Snowflake(SNOW)’s 2024 Financial Analysis

Snowflake ’fiscal 2024  ended on January 31,2024.

Asset structure analysis

Snowflake’s  total assets were $8.2 billion at January 31, 2024, an increase of 6.5%, compared with $7.7 billion at January 31, 2023.

Cash and cash equivalents were $1.76 billion as of January 31, 2024, accounting for 21.5% of total assets.

Short-term investments were $2.08 billion as of January 31, 2024 , comprising about 25.4% of total assets.

Total current assets were $5.04 billion at January 31,2024, which consisting of 61.5% of total assets.

Long-term investments were $0.9 billion as of January 31, 2024,  making up 11% of total assets.

Goodwill was $0.98 billion as of January 31, 2024, accounting for 12% of total assets.

Liquidity and solvency

Total liabilities were $2.73 billion as of January  31, 2024, but among total liabilities , the amount of deferred revenue, current was $2.2 billion as of January 31, 2024, which dose not need to be repaid.
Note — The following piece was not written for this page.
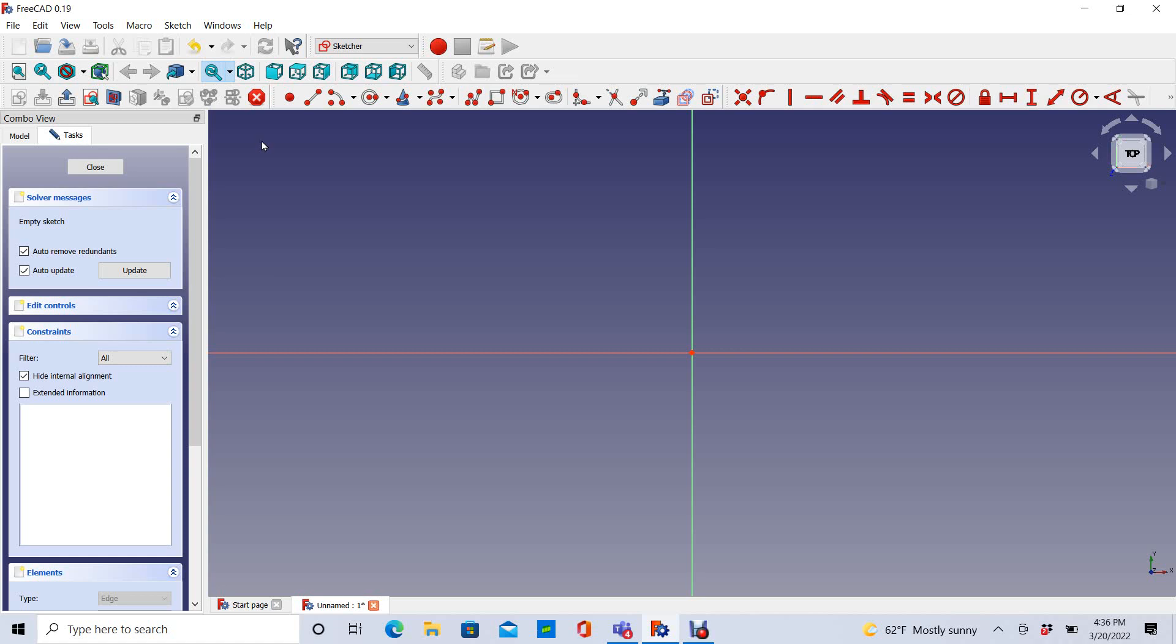Hi, I'm Mitch, and this is a FreeCAD tutorial on sketching using the Polyline tool, then adding constraints, including dimensions.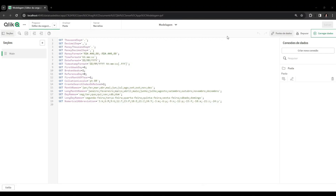Hey guys, how are you doing? I'm Tiago and today we're going to talk about modeling. The challenge today is: when should I use a link table instead of concatenating facts? I'm going to present a scenario where concatenation of facts, commonly used, doesn't meet expectations. We're going to do this project in two versions - both with the link table and the concatenated facts version - and explore these two scenarios to solve the problem the client gave us.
The amount of total liabilities subtracting that of deferred revenue, current was $0.53 billion.

The adjust current ratio was 9.5, which is $5.05 billion/$0.53 billion.
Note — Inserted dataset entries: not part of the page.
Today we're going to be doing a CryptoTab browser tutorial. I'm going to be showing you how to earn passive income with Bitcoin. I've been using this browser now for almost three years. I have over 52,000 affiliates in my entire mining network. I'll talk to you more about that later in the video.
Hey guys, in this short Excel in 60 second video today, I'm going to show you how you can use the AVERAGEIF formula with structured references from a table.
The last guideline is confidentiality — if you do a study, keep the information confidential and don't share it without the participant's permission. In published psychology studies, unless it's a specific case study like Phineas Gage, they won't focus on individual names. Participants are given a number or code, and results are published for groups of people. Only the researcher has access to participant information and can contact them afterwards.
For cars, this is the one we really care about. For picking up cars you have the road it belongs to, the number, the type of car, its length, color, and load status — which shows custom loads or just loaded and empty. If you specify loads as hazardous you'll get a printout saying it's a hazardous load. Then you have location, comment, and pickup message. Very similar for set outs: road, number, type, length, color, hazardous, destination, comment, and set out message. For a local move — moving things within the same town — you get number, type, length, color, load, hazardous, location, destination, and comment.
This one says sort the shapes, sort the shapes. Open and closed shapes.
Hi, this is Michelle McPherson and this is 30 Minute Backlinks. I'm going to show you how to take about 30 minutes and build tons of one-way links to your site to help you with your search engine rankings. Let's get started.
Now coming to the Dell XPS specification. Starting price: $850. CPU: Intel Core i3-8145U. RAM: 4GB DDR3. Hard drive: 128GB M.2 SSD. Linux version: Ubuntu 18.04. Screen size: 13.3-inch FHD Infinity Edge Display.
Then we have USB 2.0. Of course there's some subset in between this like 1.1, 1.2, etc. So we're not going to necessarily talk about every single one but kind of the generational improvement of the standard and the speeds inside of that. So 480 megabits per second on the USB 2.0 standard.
Total liabilities were $3 billion as of January 31, 2024,.

The debt ratio was about 36.6% in fiscal 2024.

Given that deferred revenue, the actual debt was rather low.

In addition, the combined of cash, cash equivalents and short-term investment was $3.84 billion in fiscal 2024, which was more than $3 billion in total liabilities.

Snowflake’s balance sheet is very healthy.

The company had a great amount of deferred revenue, indicating that the company ‘s product is welcome or customer’s sunk cost is very great.  In any case, many companies ‘s cash flow is very good as customers must pay bill in advance.

Profitability analysis

Snowflake’s revenue was $2.8 billion, $2 billion and $1.2 billion in fiscal 2024, fiscal 2023, and fiscal 2022, respectively.

Revenue in 2024 was up 40% year-on-year.

Revenue in 2023 was up 66.7% year-on-year.

The growth rate of revenue was very fast.

Speaking of net income , we are sad , because snowflake has been in loss.

Operating loss was $1.1 billion, $0.842 billion and $0.715 billion in 2024, 2023 and 2022, respectively.

 Stock-based compensation is a important factor that leading to operating loss.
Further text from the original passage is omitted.